The Uniform Fraudulent Transfer Act (UFTA) was renamed the Uniform Voidable Transactions Act (UVTA) in July 2014 in an effort by the Uniform Law Commission (ULC) to provide greater clarification for the courts, bring it into line with the Uniform Commercial Code and Bankruptcy Code, and to better delineate its application to a fraudulent transfer action.
Under the UFTA, a transaction may be deemed fraudulent if a debtor transfers property in attempt to delay, defraud or hinder a creditor’s attempt to collect on a debt. If such a transfer is deemed fraudulent, the transaction may be voided.
Other noteworthy changes include:
Standard of proof. Unless a debtor admits to a fraudulent transfer action, creditors have had difficulty proving such an action occurred since many courts have applied the more stringent “clear and convincing” evidentiary standard commonly associated with civil fraud actions. The UVTA now requires that such actions be decided based on a “preponderance of the evidence” standard, thus lowering the burden of proof bar for creditors.

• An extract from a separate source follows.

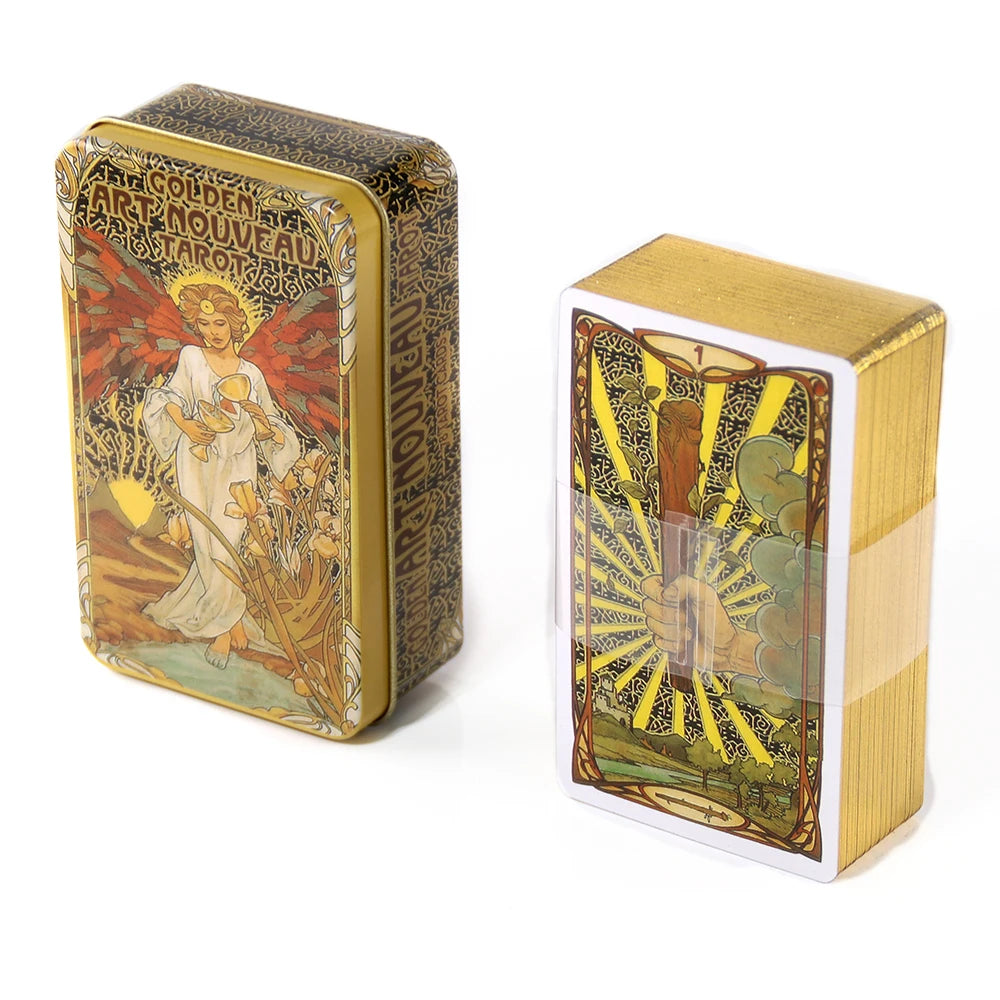 Lucid Dreams Beginners Tarot Witches in a Tin Metal Box Hot Sell Tarot Cards for Divination Tarot Deck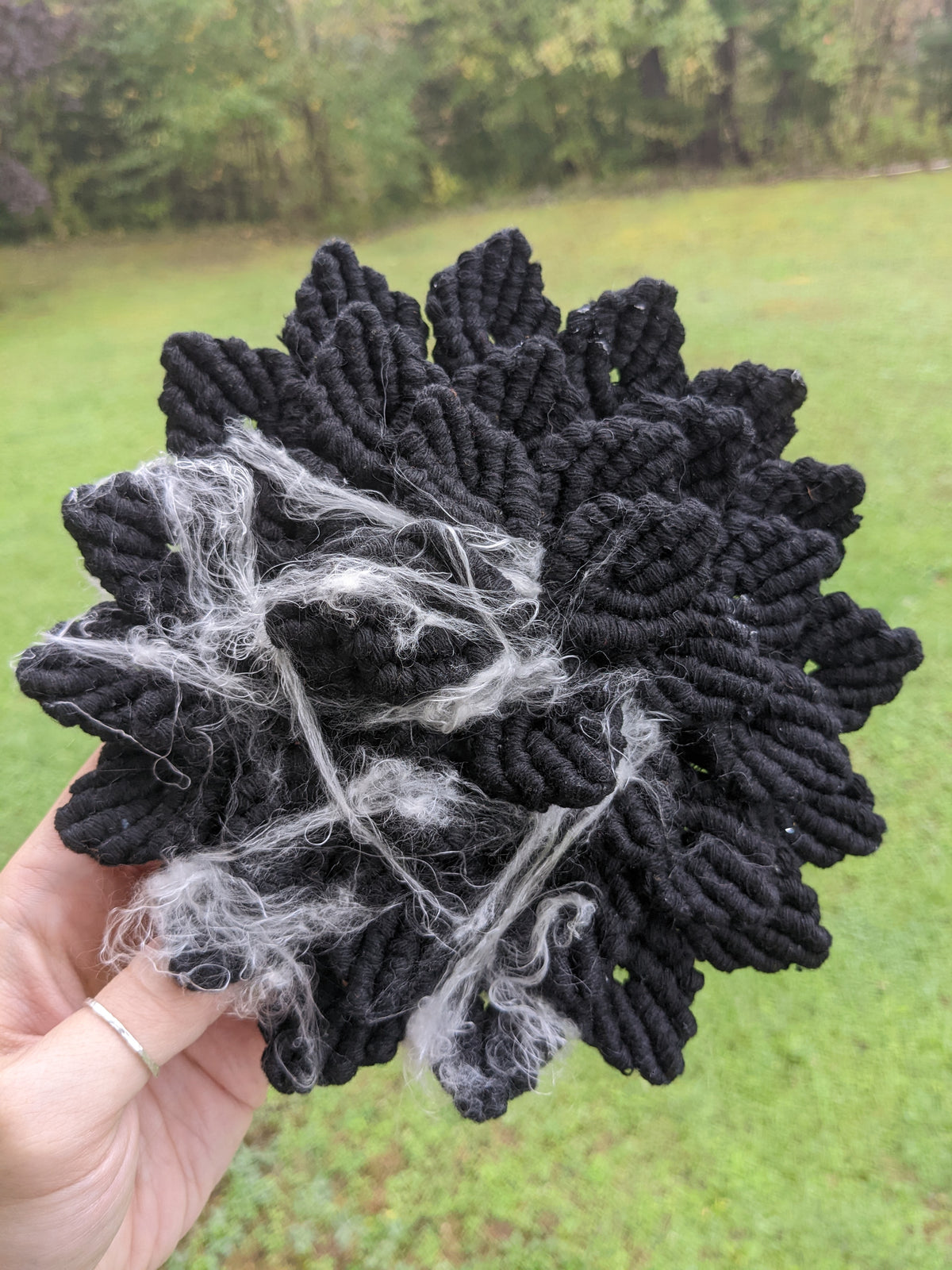 Witchy Halloween Macrame Hydrangea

Strict foreclosure treatment. Under the UTVA, strict foreclosures are no longer considered a defense to a voidable transaction action. Following California’s lead, the UTVA treats a strict foreclosure as the equivalent of a voluntary transfer to a third party and, while not automatically protectable, can be voidable under the UVTA. However, creditors can still show that a foreclosure sale was conducted in a commercially reasonable manner and in good faith to shield its claim to the property from other creditors.
Statute of limitations. California has a statute of limitations of four — and not to exceed seven — years for fraudulent action claims (Cal. Civ. Code § 3439.09), while some states have none. The question of which state’s laws should apply has been a subject of intense litigation and the UTVA now seeks to standardize the question of statute of limitations by applying the law of the debtor’s state of residence when the transfer was made to fraudulent transfer claims. If the action involves a multi-jurisdictional business, the location of the company’s chief executive office will govern the adjudication of the claim.
The UTVA does not impose an automatic effective date; rather, the ULC has left it to each state’s legislature to adopt or reject the changes made by the UTVA.